— What to produce —
Everything in the records below is to be reproduced exactly, apart from the images.

— Available data —

********************

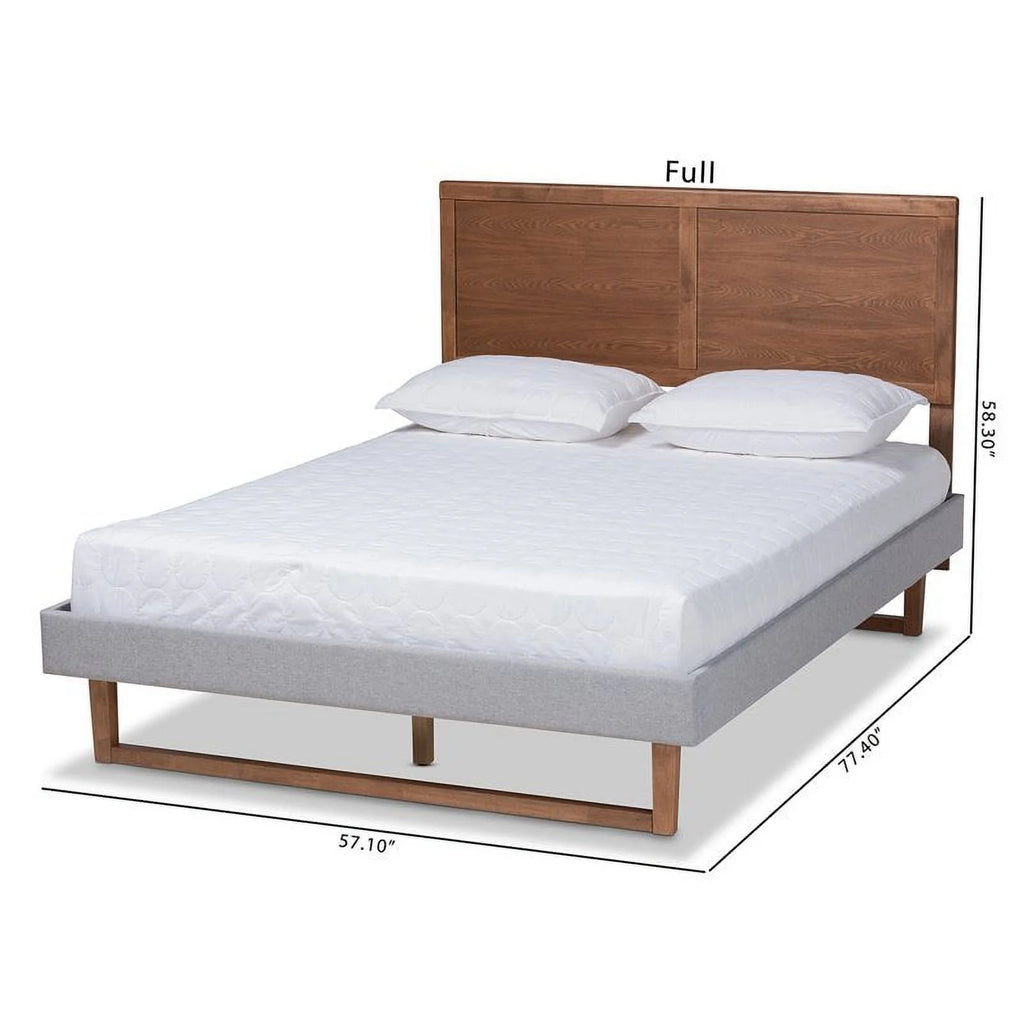 King Size Light Gray Upholstered Wood Platform Bed X5876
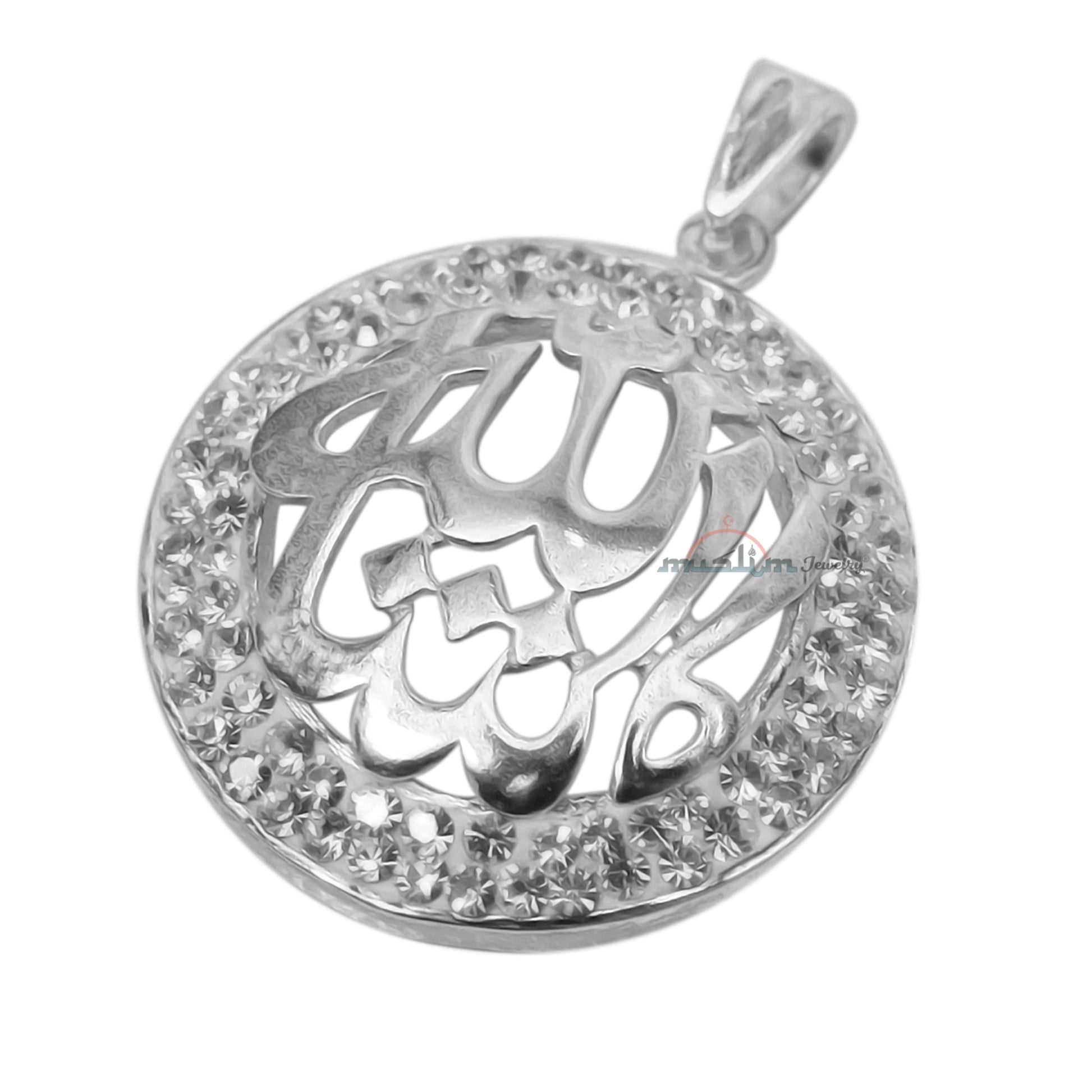 Small Islamic MashAllah Arabic Pendant with CZ Stone Bezel for Necklace or Chains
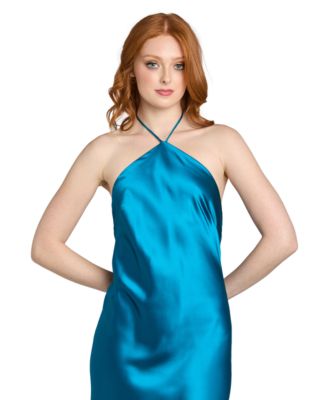 Juniors' Halter-Neck Slip Dress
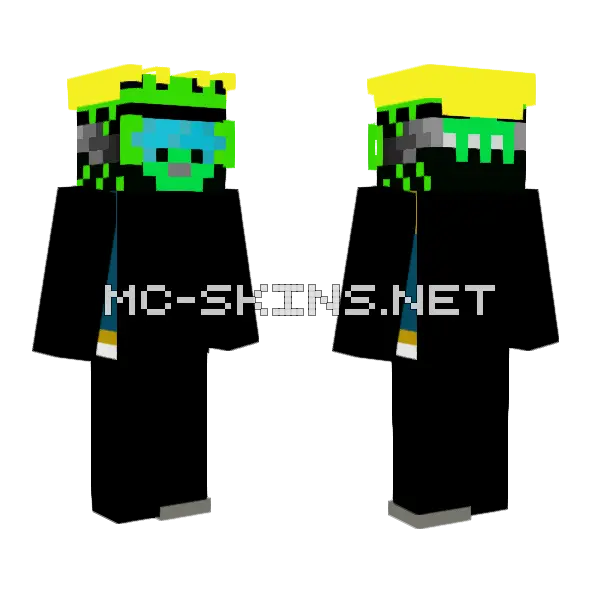 Medyk2000 Kask Yellow Minecraft skin, front and back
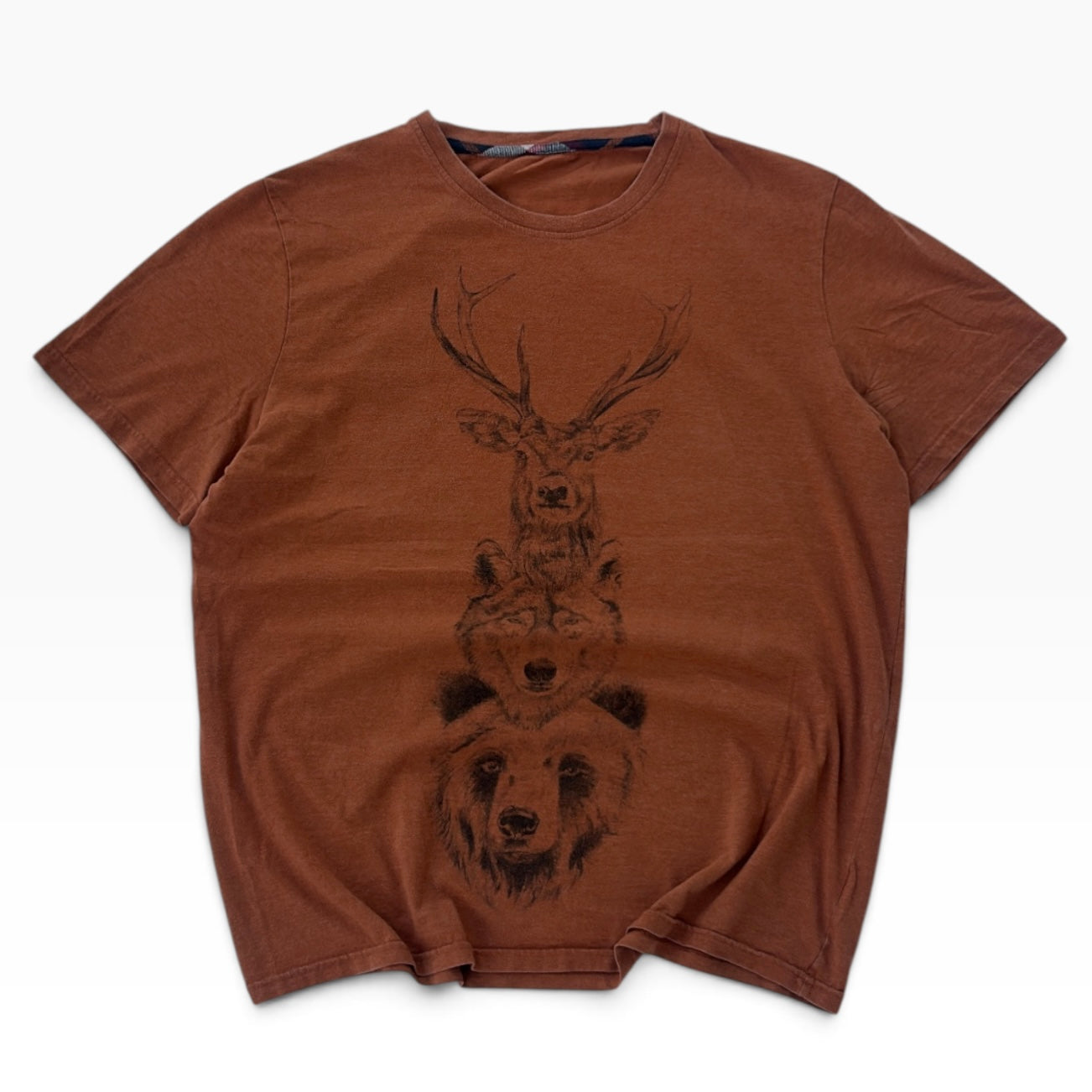 Animal rust orange graphic tee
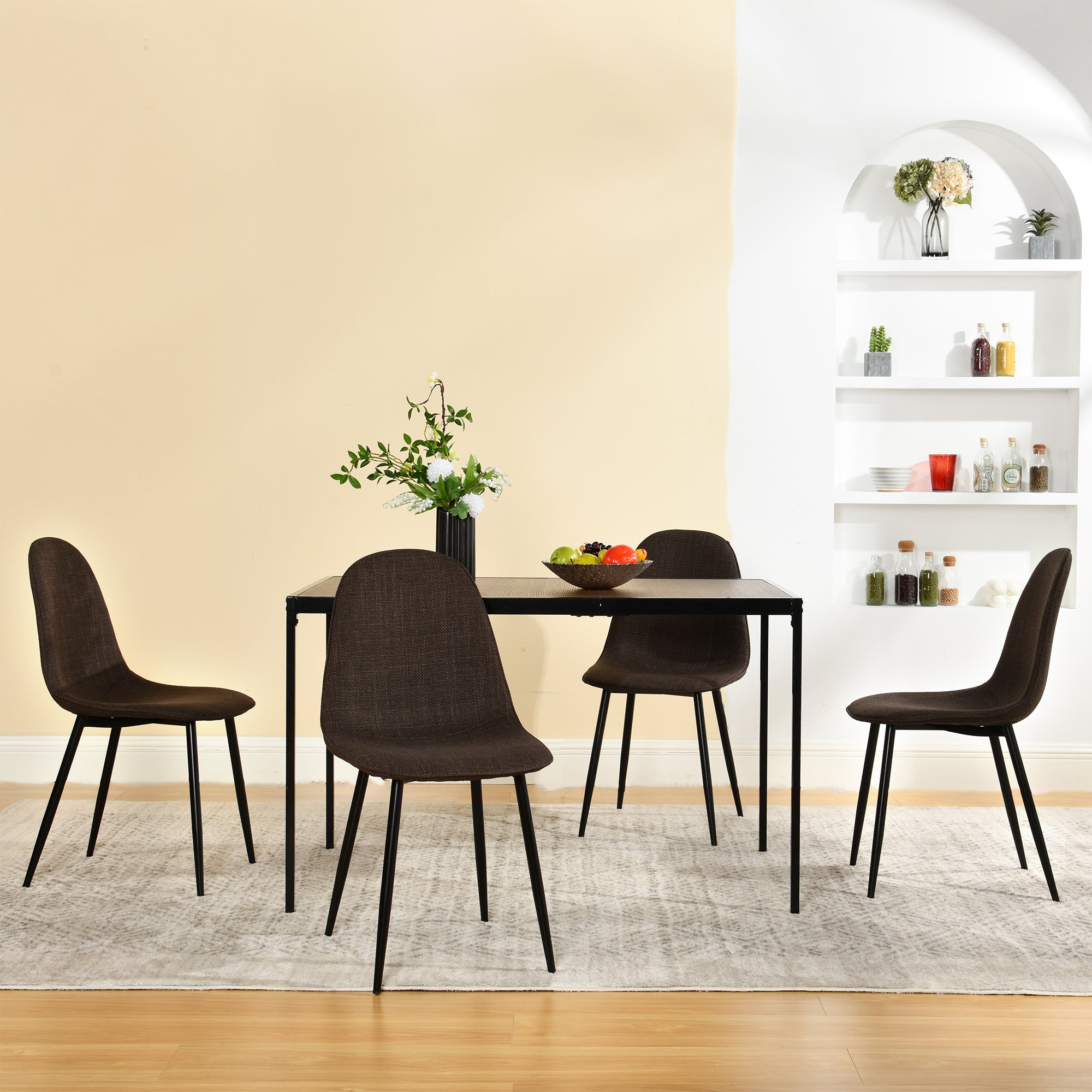 Charlton Tweed Dining Chair Set of 4 with Splayed Metal Legs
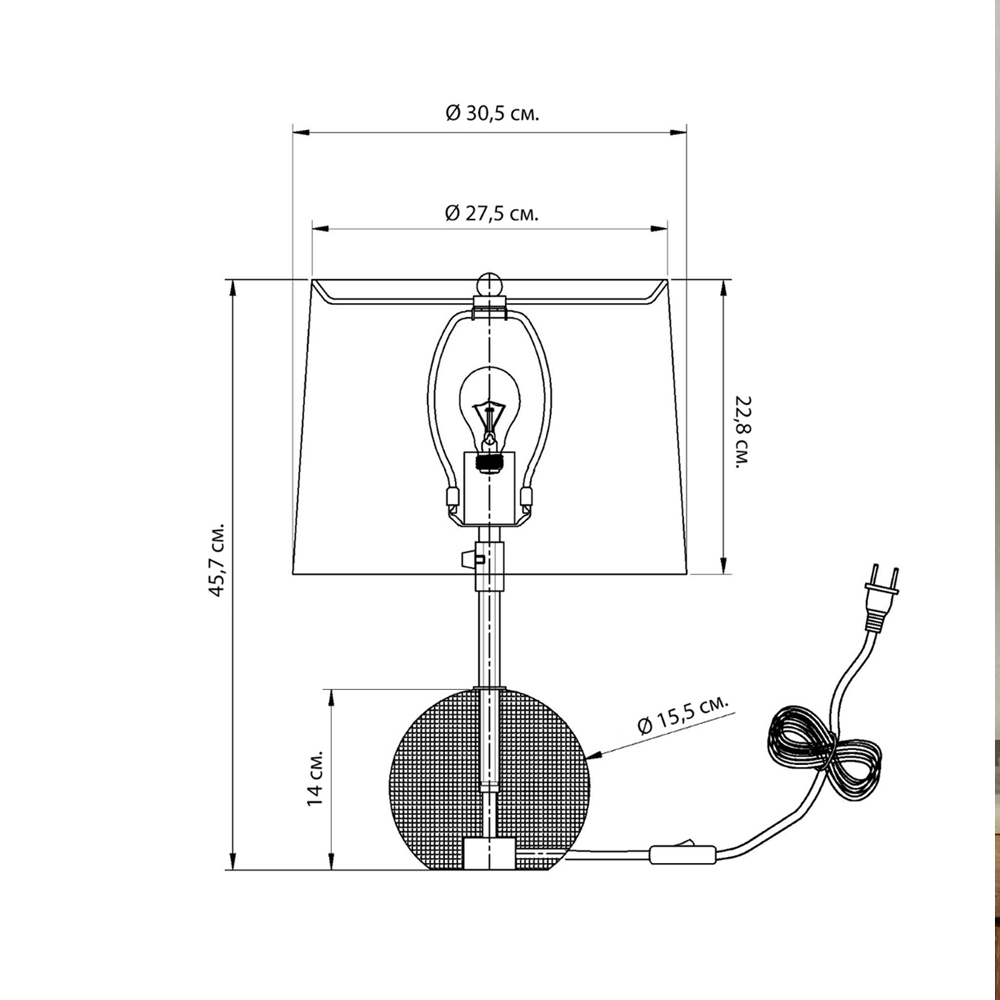 Настольная лампа на круглом основании из дерева Table Lamp Wood в Воронеже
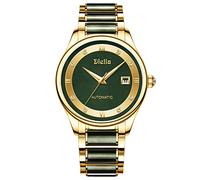 Diella Herren Uhren Datumsanzeige Wasserdicht, Selbstwindender, Gold Edelstahl und Schwarz Grün Jade Armband Uhren Geschenke für Männer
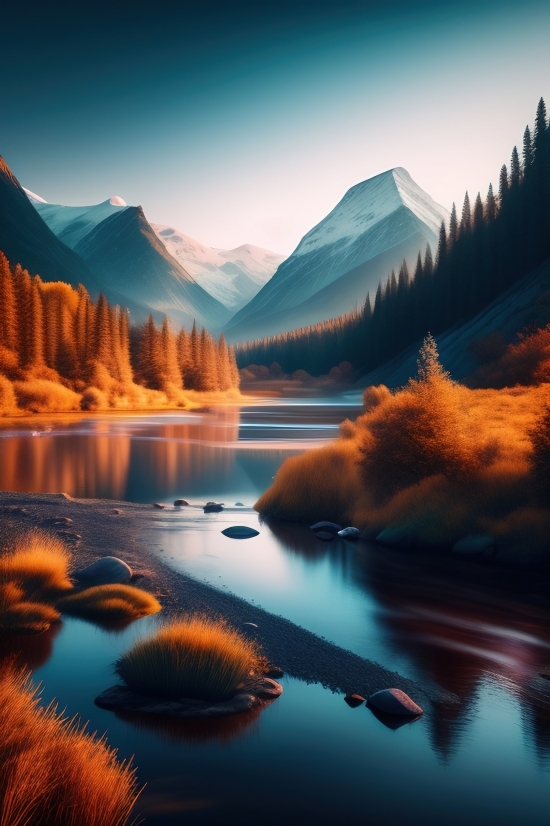 Lake, Reflection, Mountain, Landscape, Mountains, River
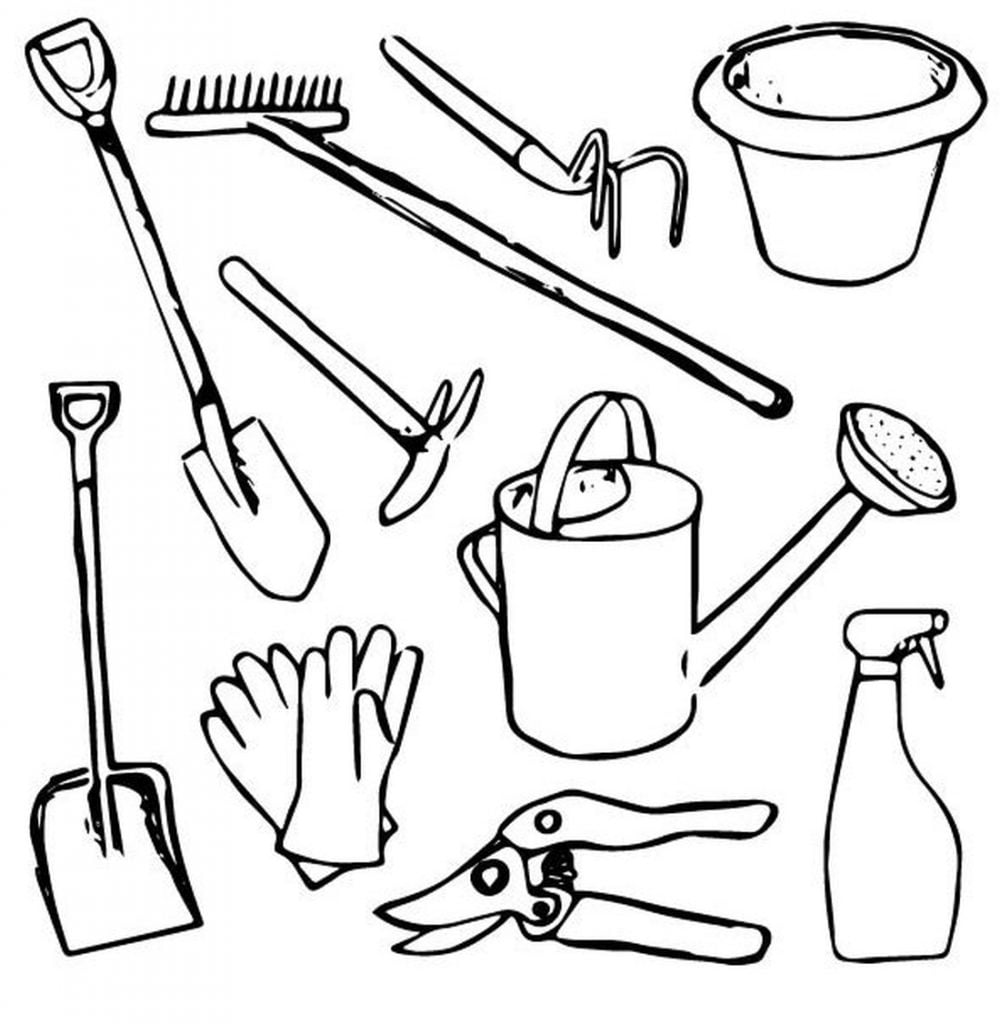 Puutarhurin työkalut värilliset, puru, hanskat, kastelukannu, kuokka, harava, ämpäri.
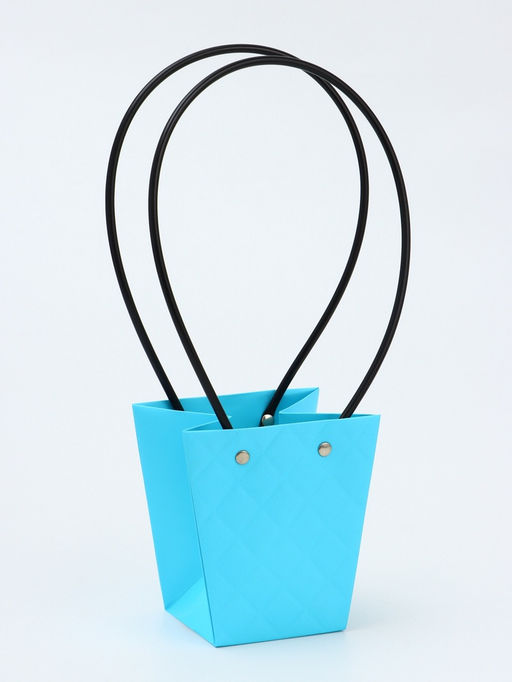 Цена за 10 шт. Сумка для цветов тиснение голубой влагостойкая, 12x12-8x8-12.5 см - UPAK LAND фото 5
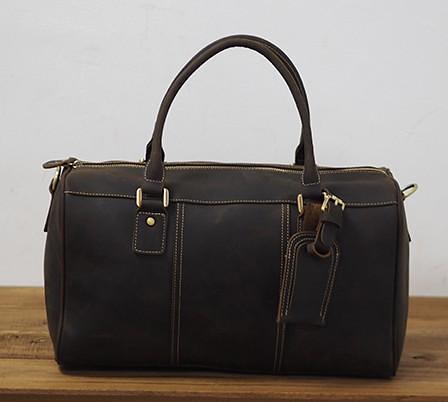 Cool Coffee Leather Mens Weekender Bags Vintage Travel Bags Duffle Bag for Men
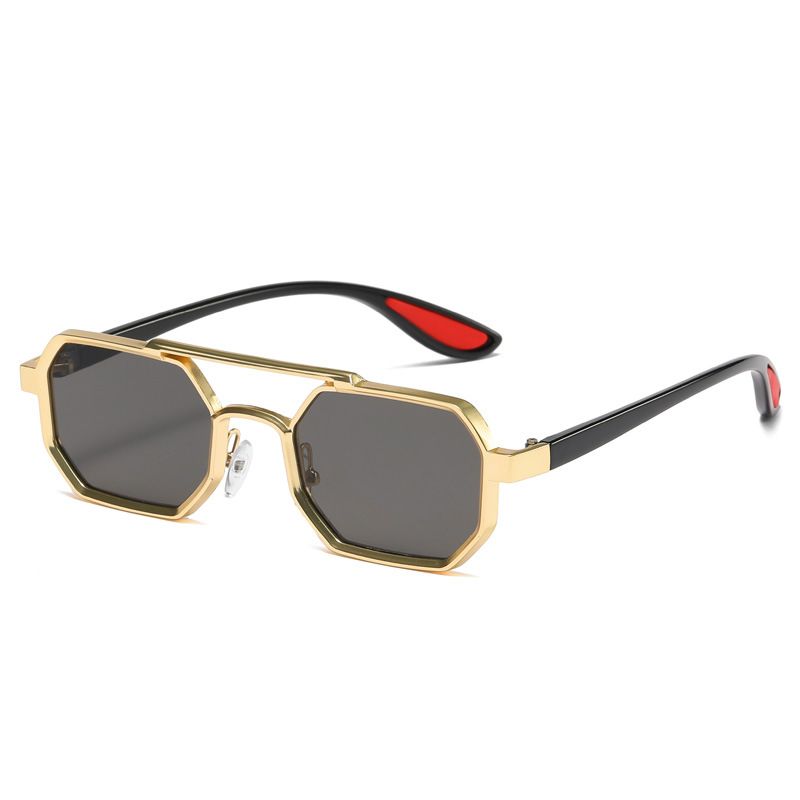 Men's Metal Double Beam Sunglasses - Small Frame UV400 Protection, Fashion Business & Outdoor Shades_viptrois.com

********************

— Exercise result —
 King Size Light Gray Upholstered Wood Platform Bed X5876
 Small Islamic MashAllah Arabic Pendant with CZ Stone Bezel for Necklace or Chains
 Juniors' Halter-Neck Slip Dress
 Medyk2000 Kask Yellow Minecraft skin, front and back
 Animal rust orange graphic tee
 Charlton Tweed Dining Chair Set of 4 with Splayed Metal Legs
 Настольная лампа на круглом основании из дерева Table Lamp Wood в Воронеже
 Diella Herren Uhren Datumsanzeige Wasserdicht, Selbstwindender, Gold Edelstahl und Schwarz Grün Jade Armband Uhren Geschenke für Männer
 Lake, Reflection, Mountain, Landscape, Mountains, River
 Puutarhurin työkalut värilliset, puru, hanskat, kastelukannu, kuokka, harava, ämpäri.
 Цена за 10 шт. Сумка для цветов тиснение голубой влагостойкая, 12x12-8x8-12.5 см - UPAK LAND фото 5
 Cool Coffee Leather Mens Weekender Bags Vintage Travel Bags Duffle Bag for Men
 Men's Metal Double Beam Sunglasses - Small Frame UV400 Protection, Fashion Business & Outdoor Shades_viptrois.com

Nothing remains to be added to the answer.